Detecting uBlock origin via a timing side-channel

chrome extensions are bad, use firefox

I recently found a neat trick to check for the presence of Chrome extensions in a user's browser.

Chrome extensions often need to expose files to webpages (images, fonts, etc.) to webpages. These assets are listed in the extension's manifest.json file under the web_accessible_resources key.

These assets then become available via the chrome-extension:// URI, e.g. chrome-extension://<extension-id>/path/to/file.jpg

In manifest v2, these assets are available to any webpage. This means any extension with web_accessible_resources can be detected by a webpage. You could hypothetically fingerprint users by scanning for the presence of all every extension with web_accessible_resources. Which, by the way, almost every major extension has a few.

However, in the recently introduced manifest v3, a developer can specify which hosts are allowed to read the assets.
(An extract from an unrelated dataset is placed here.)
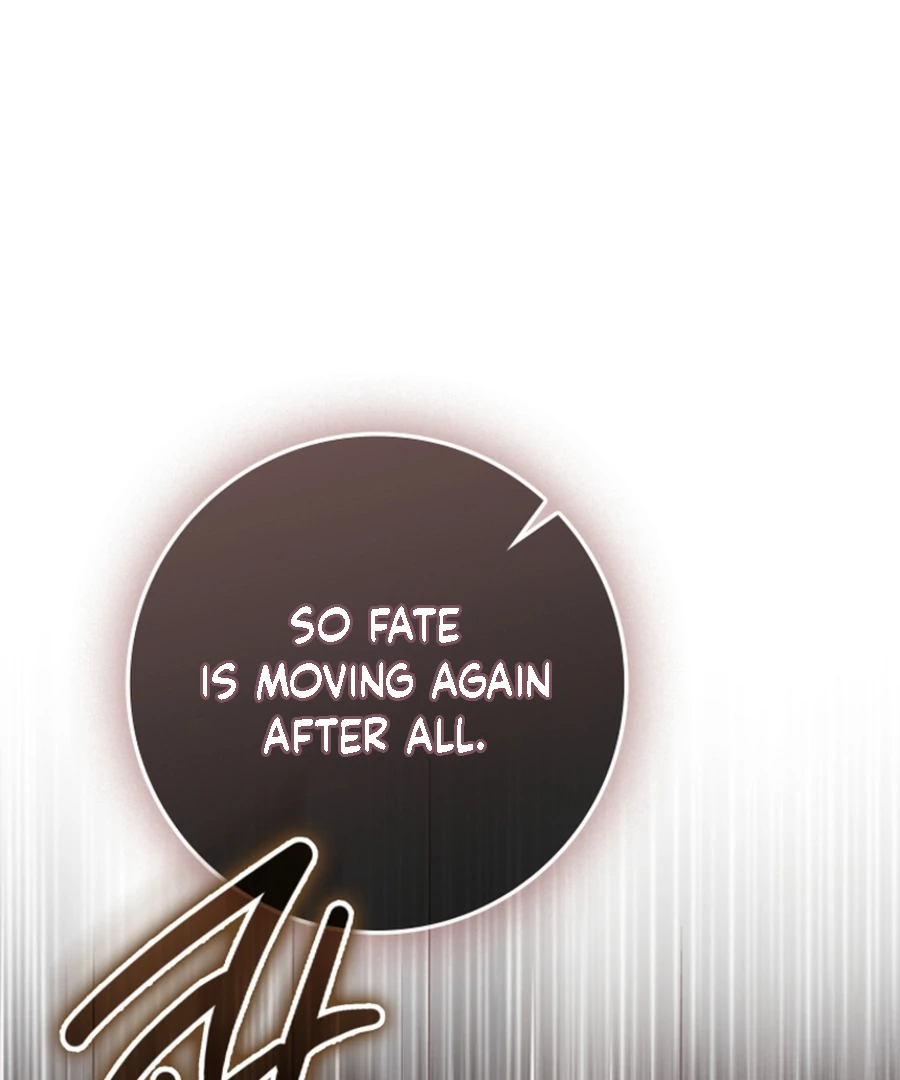 Picking Up a Suspicious Husband Chapter 31 507 101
This is superior for security, as it prevents an arbitrary site from easily being able to enumerate your extensions.

uBlock origin has some web_accessible_resources that it requires to be accessible to all origins, but it attempts to prevent them from being read via a network listener that blocks the request unless it contains a "secret token". However, this is easily detectable via timing as the network listener takes a significant amount of extra time to intercept the request :)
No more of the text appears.